→ What the task asks:
Begin at the line containing "I'm sorry stain" in the data below and go on through the line containing "Bespoke Bricks Exposed Ebony Eco", repeating each line exactly; include both ends and no other line.

→ Record excerpts:

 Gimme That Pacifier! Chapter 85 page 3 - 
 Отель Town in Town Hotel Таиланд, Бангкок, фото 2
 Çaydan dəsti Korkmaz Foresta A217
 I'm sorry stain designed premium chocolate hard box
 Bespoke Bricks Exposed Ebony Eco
* * *
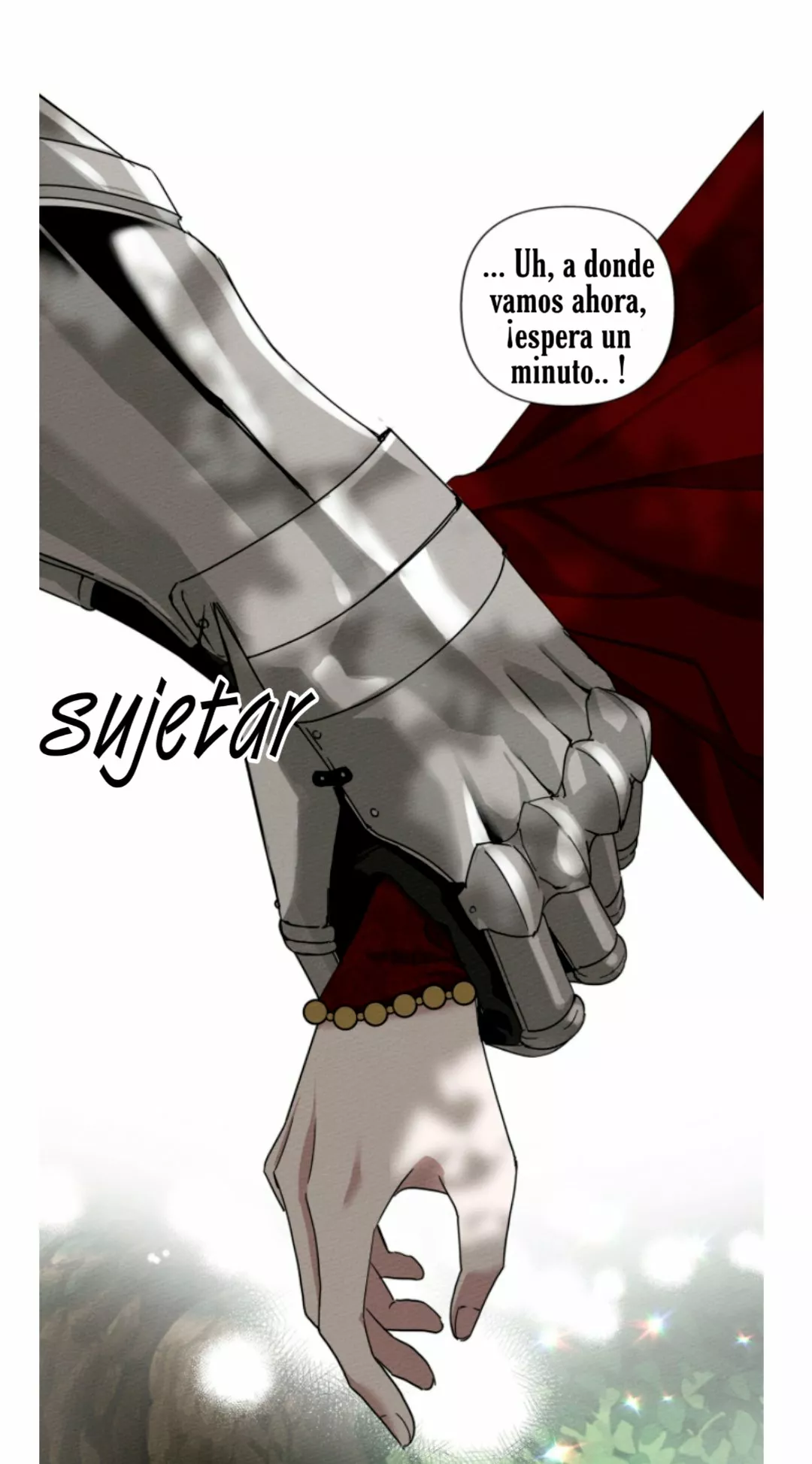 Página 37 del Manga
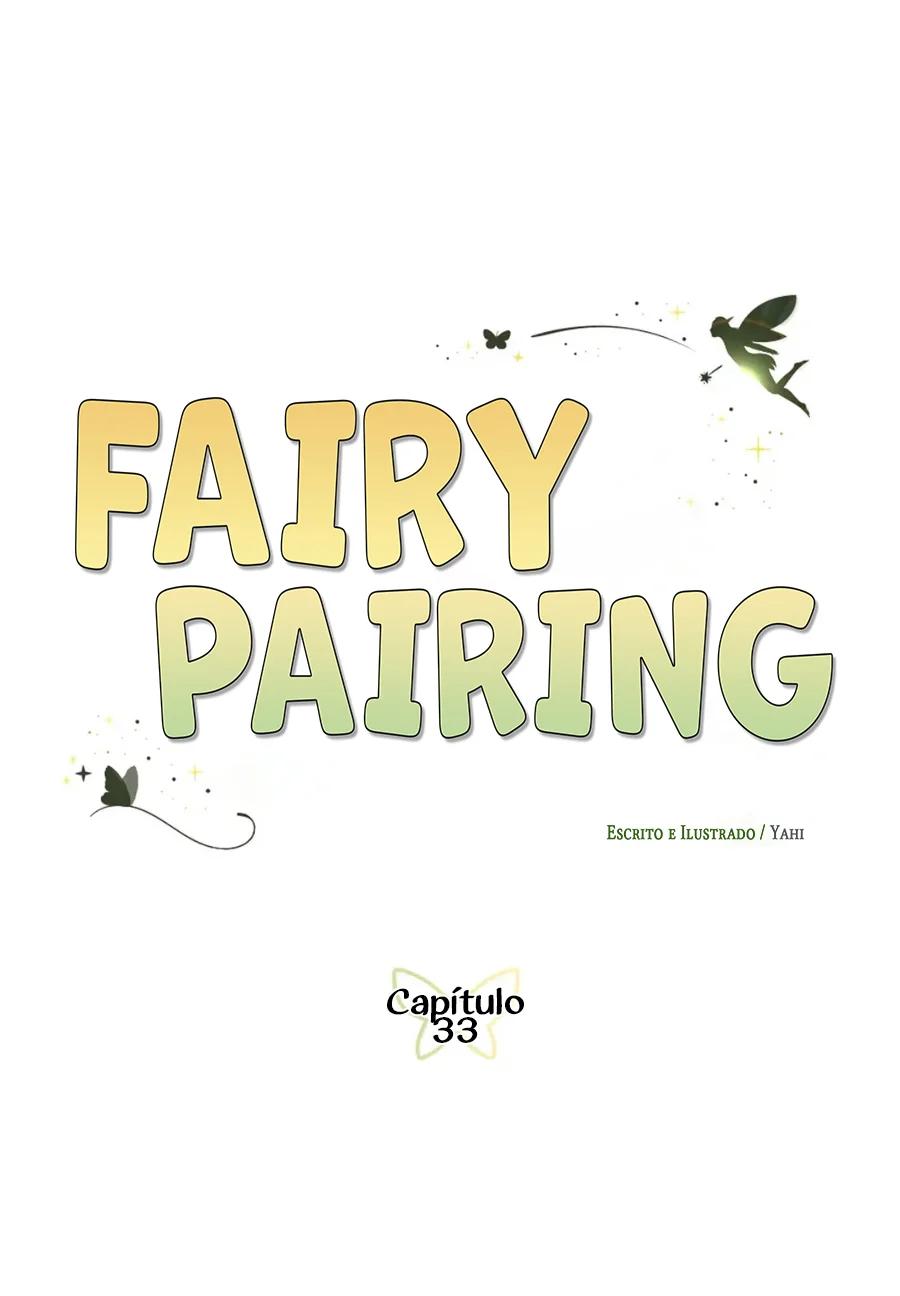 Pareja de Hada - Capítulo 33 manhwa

→ Output of the task:
 I'm sorry stain designed premium chocolate hard box
 Bespoke Bricks Exposed Ebony Eco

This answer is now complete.